— TO DO —
Return the following lines and nothing else: the one holding "Red Back the" and all those after it in the records below, unchanged, minus any pictures.

Web page caption snippets:

----------------------------------------

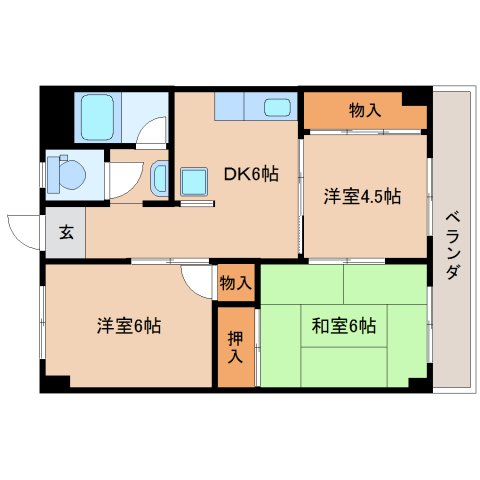 橿原市新賀町のマンションの間取り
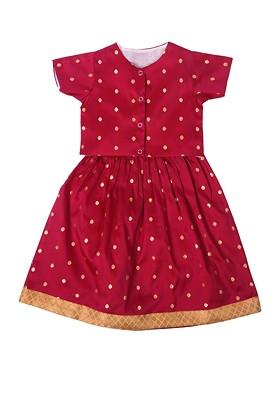 Maroon Embroidered Cotton Blend Lehenga Choli For Girls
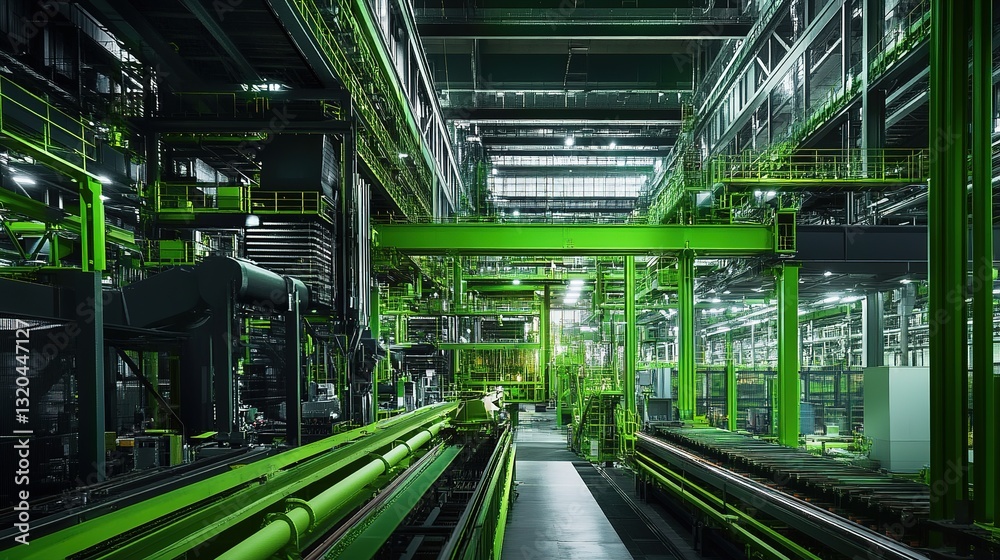 Poster a green factory implementing robotic precision to eliminate material waste.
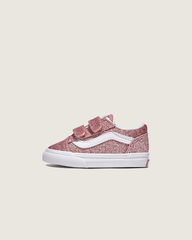 Kids Vans Toddler Old Skool V Shoe in Glitter Rose Gold Pink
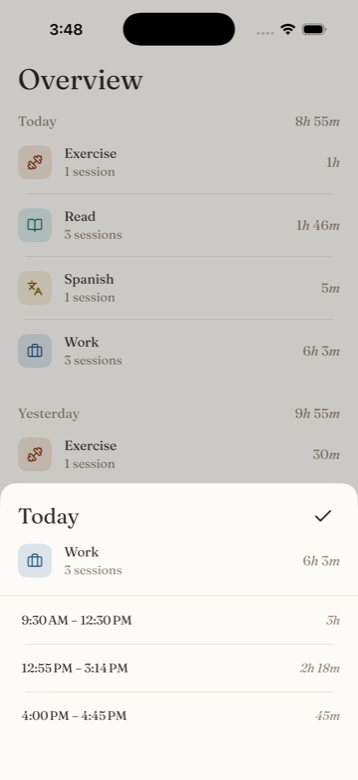 A day's sessions in Untime, with each Work session's start and end times listed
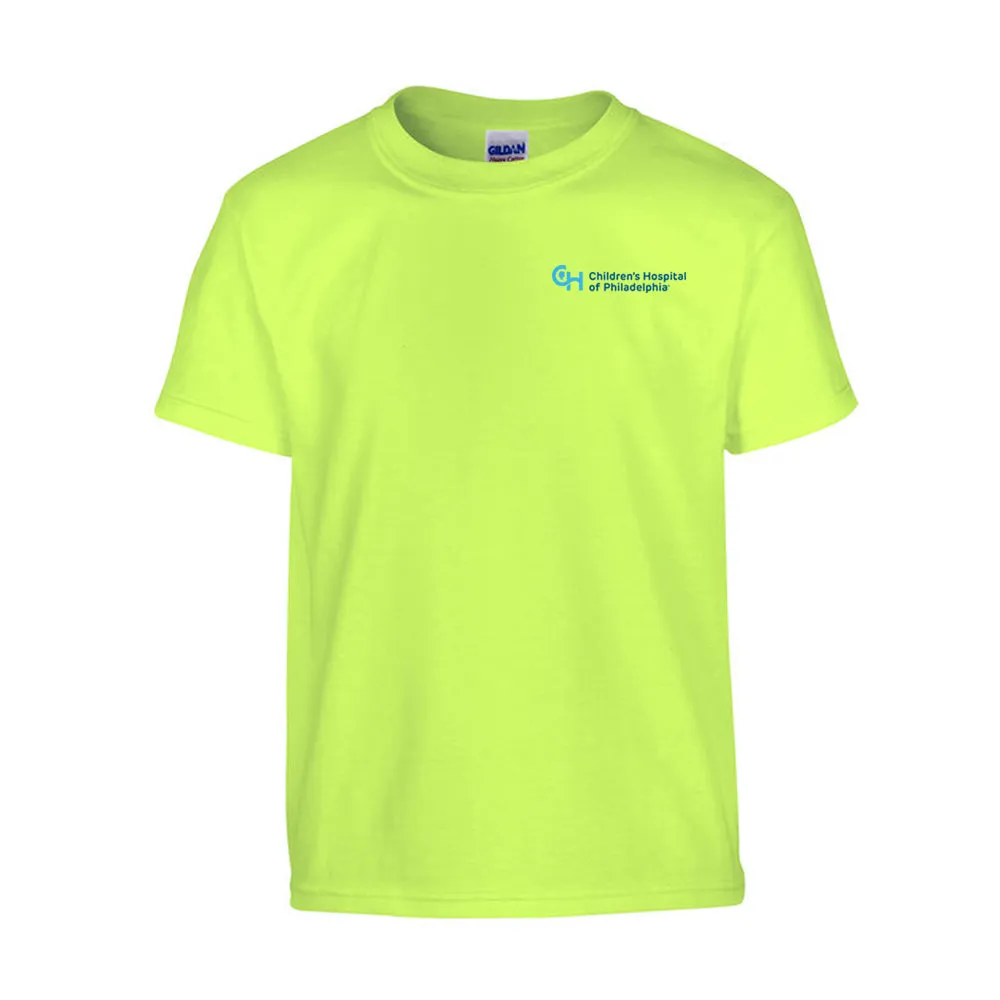 Gildan Youth Heavy Cotton T-Shirt with Light Blue Logo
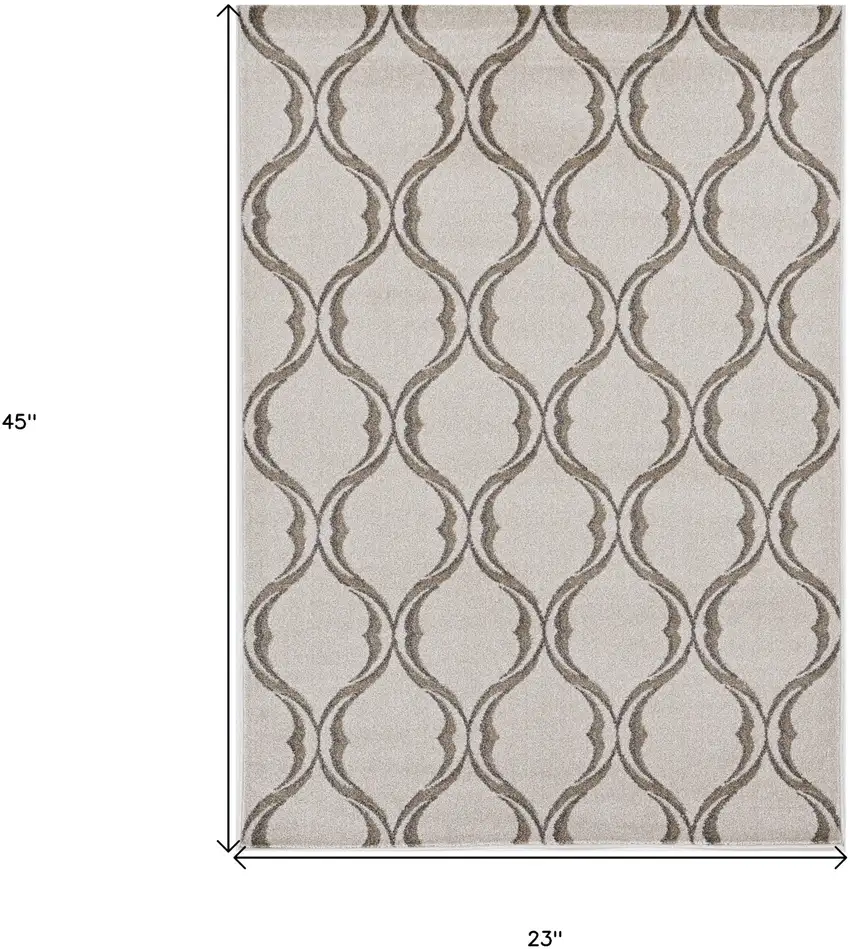Sand Wavy Line Pattern Accent Rug Photo 3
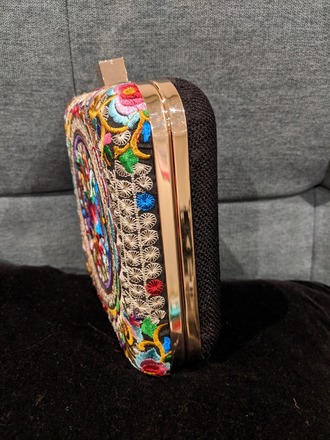 Multi Colour Embedded Square Clutch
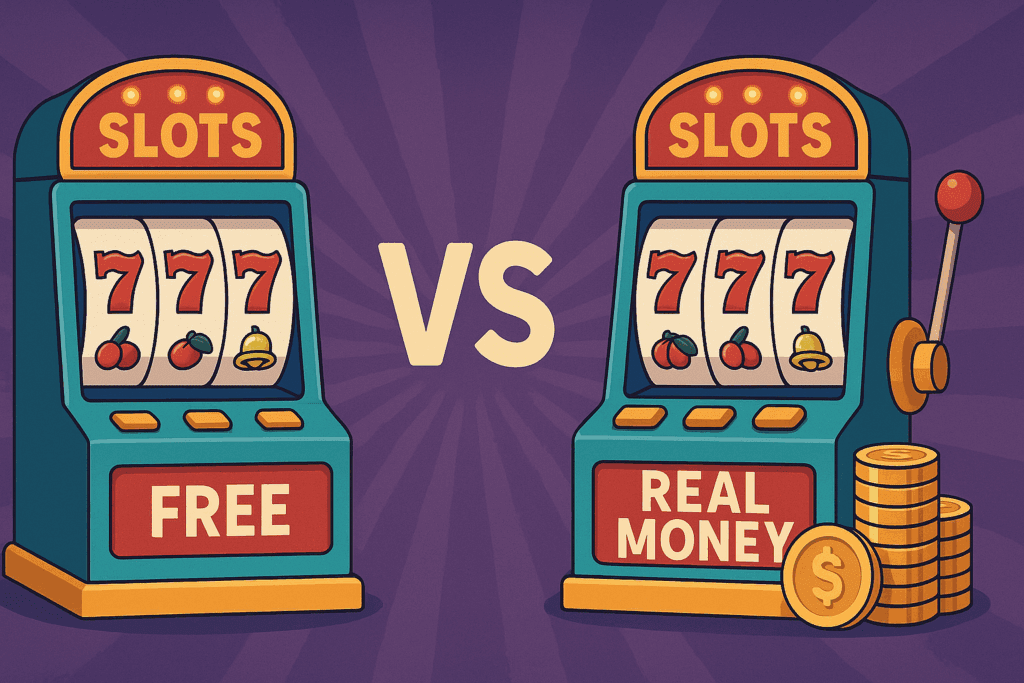 free vs real money slots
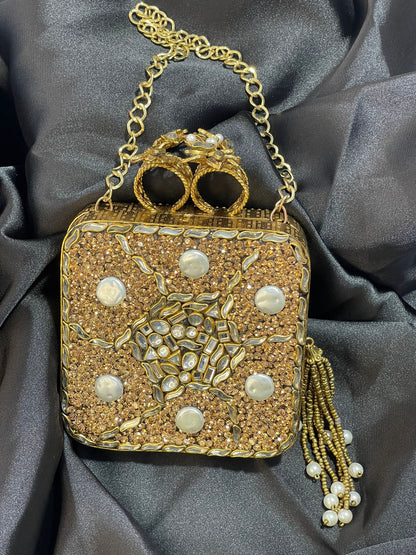 Turkish Champagne Gold Clutch with Kundan
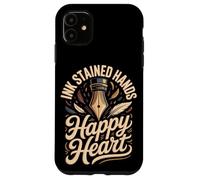Ink Stained Hands Happy Heart Calligraphy Calligrapher Case for iPhone 11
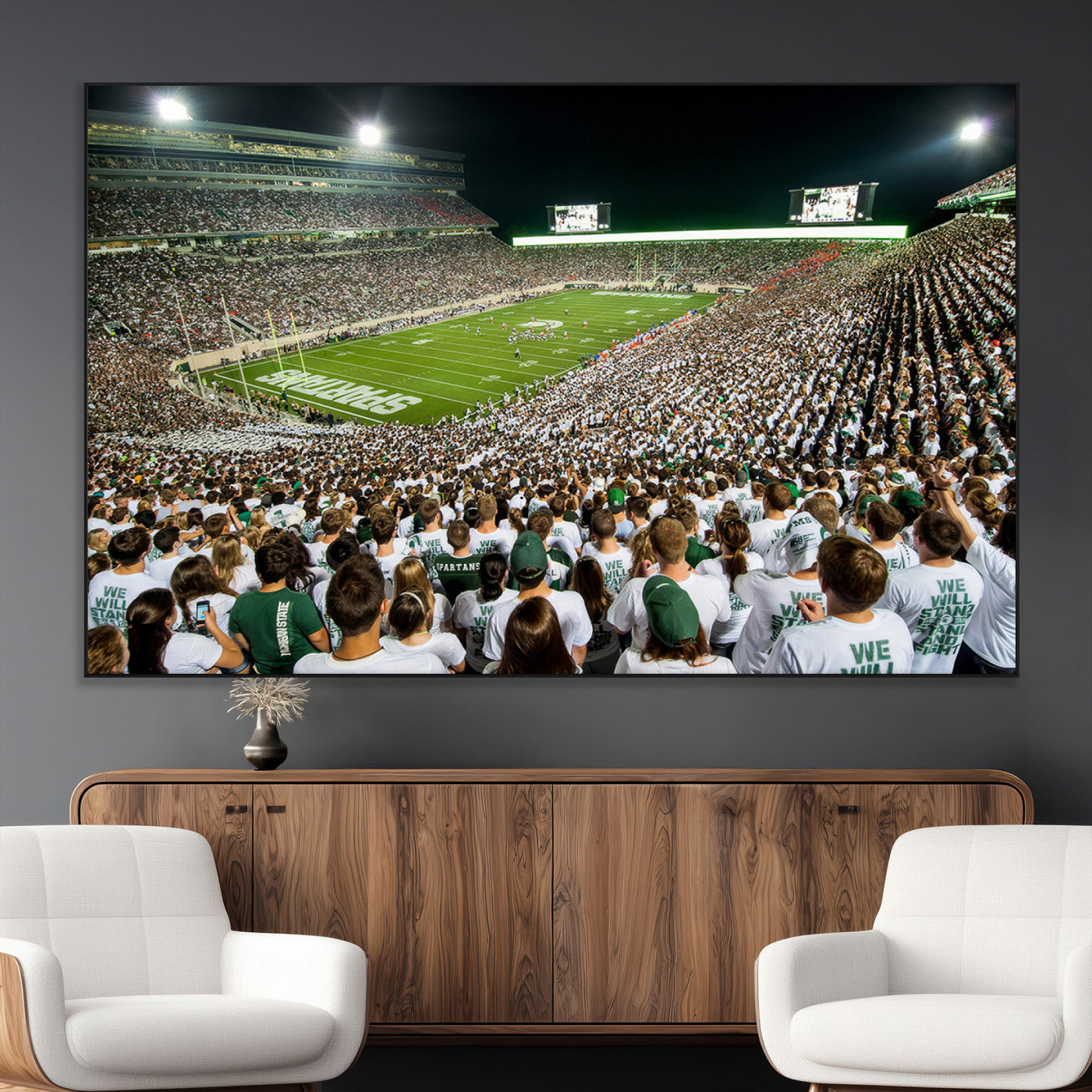 SEG-FC-51X34_Oversize - Michigan State Spartans Football Canvas Print - East Lansing Spartan Stadium Wall Art Canvas Print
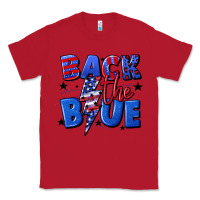 Red Back the blue with lightning bolt 4th of july Classic Tee - CowGirlArtShop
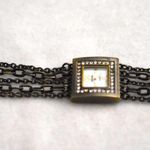 Kensie  Brass Tone Layered Link Chain Rhinestone Accent New Battery Watch Photo 0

----------------------------------------

— RESULT FOR THIS TASK —
 Red Back the blue with lightning bolt 4th of july Classic Tee - CowGirlArtShop
 Kensie  Brass Tone Layered Link Chain Rhinestone Accent New Battery Watch Photo 0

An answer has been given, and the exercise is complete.